Les Avadânas, contes et apologues indiens/77

Traduction par Stanislas Julien.
Paris B. Duprat (2p. 17-20).


LXXVII

LA PERDRIX[1], L’ÉLÉPHANT ET LE SINGE.

(De l’humilité et de la déférence.)


Jadis les habitants du Djamboudvîpa (l’Inde méridionale) ne savaient pas montrer des égards et du respect aux vieillards. Des hommes vertueux avaient essayé de les convertir par de sages discours, mais ils n’y avaient pas encore réussi. À cette époque, le Bôdhisattva (le Bouddha) se métamorphosa et prit la forme d’un Kapindjala. Cet oiseau avait deux amis intimes ; l’un était un grand éléphant, et l’autre un singe. Ils demeuraient ensemble au pied d’un Pippala[2]. Ils s’interrogèrent l’un l’autre et dirent : « Nous ne savons pas quel est celui qui doit être le chef. — Jadis, dit l’éléphant, j’ai vu cet arbre qui ne s’élevait pas jusqu’à mon ventre, et maintenant vous voyez comme il est grand. On peut en conclure que je dois être regardé comme l’aîné.

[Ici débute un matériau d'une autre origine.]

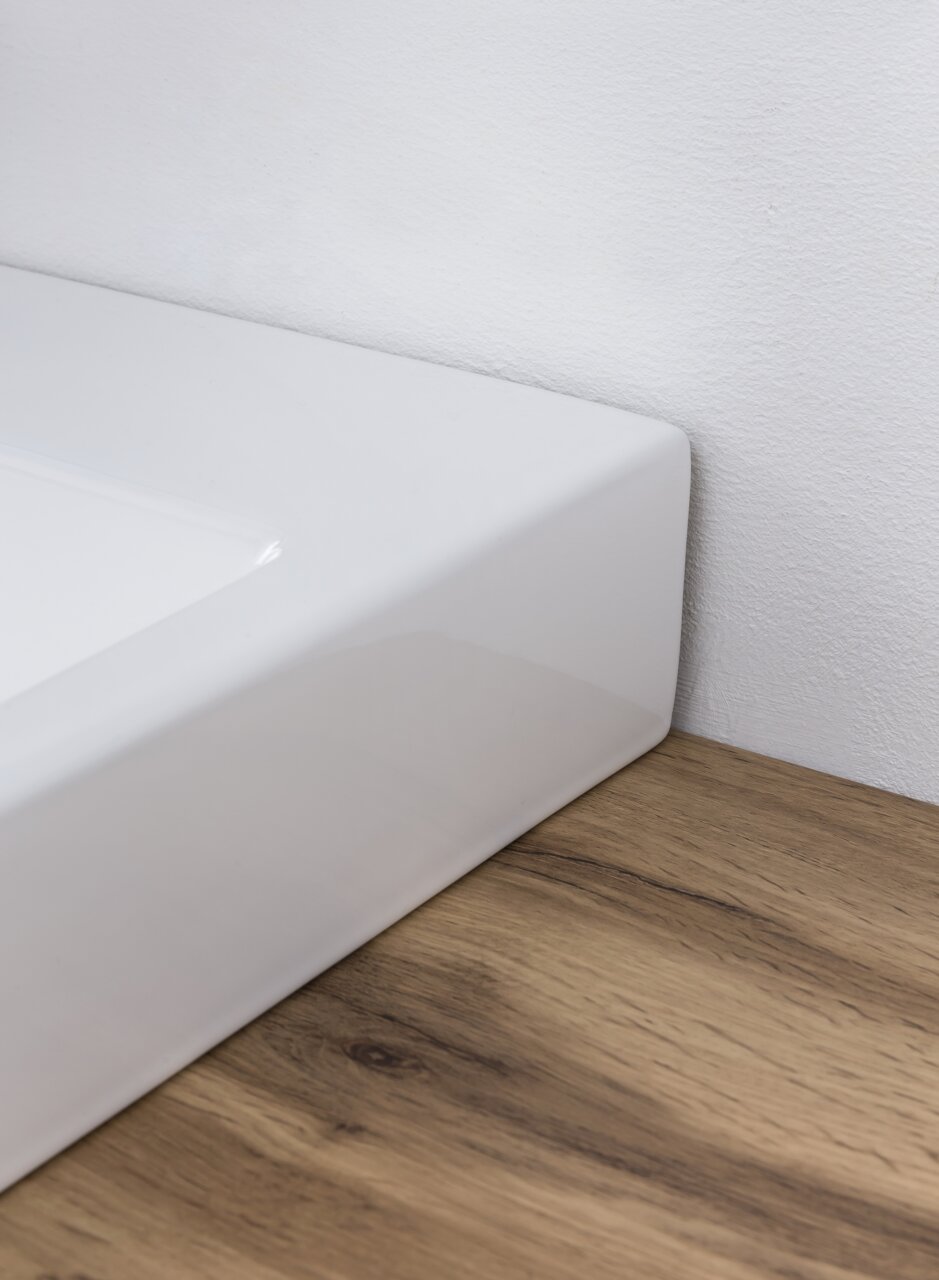 Close-up van een witte wastafel op een houten ondergrond, gezien vanaf de zijkant.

— Moi, dit le singe, après m’être assis sur la terre, à l’aide de mes mains, je suis monté au haut de l’arbre. On peut en conclure que je dois être regardé comme le supérieur.

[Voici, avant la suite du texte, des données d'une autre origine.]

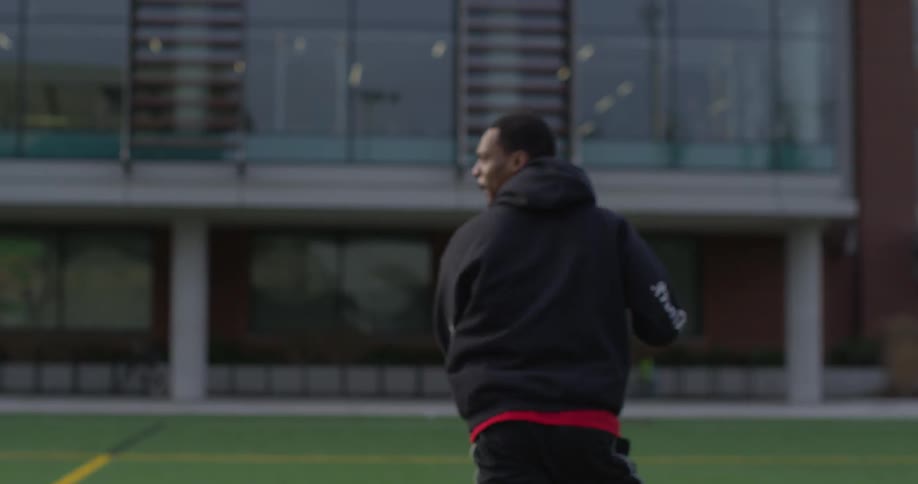 A man catches and throws a football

— Moi, dit l’oiseau, comme je demeurais au milieu de ce Pippala, j’en mangeais les fruits et je rendis un jour des pépins qui ont donné naissance à cet arbre[3]. On peut en conclure que je dois être regardé comme le plus âgé. »

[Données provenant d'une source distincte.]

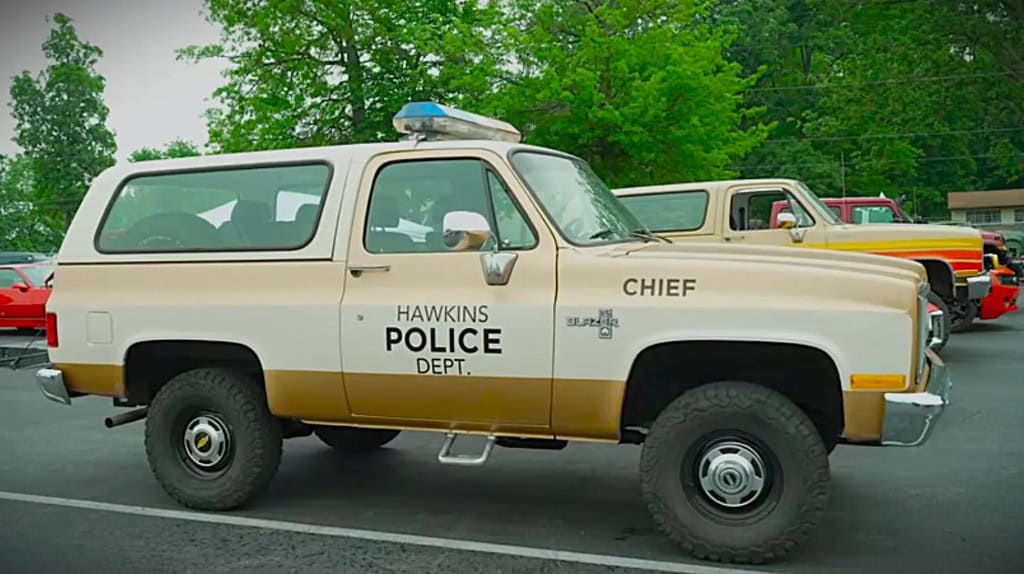 Imagem de uma cena de Stranger Things mostrando um Chevrolet K5 Blazer 1983 laranja ou marrom clássico em uma estrada em Hawkins
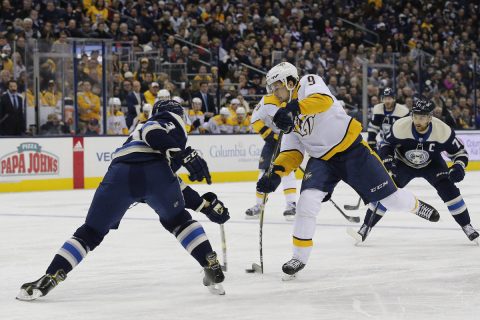  Nashville Predators center Filip Forsberg (9) wrists a shot over the stick of Columbus Blue Jackets defenseman Seth Jones (3) during the first period at Nationwide Arena. (Russell LaBounty-USA TODAY Sports)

L’éléphant reprit la parole et dit : « C’est le plus ancien qui mérite de recevoir des hommages. » Aussitôt, il se plaça derrière le singe, et l’oiseau prit le premier rang. Comme ils voyageaient dans cet ordre, les autres animaux, les ayant vus, leur en demandèrent la raison. « Tels sont, répondirent-ils, les marques de déférence et de respect qui sont dues à ceux qui sont le plus avancés en âge. »

Les animaux se convertirent, et les hommes imitèrent leur exemple.

(Extrait de l’ouvrage intitulé : Ta-tchi-tou-lun, livre XII.)
  1. Perdrix du genre francolin.
  2. Figuier sacré.
  3. Littéralement : Grana cum stercore exierunt.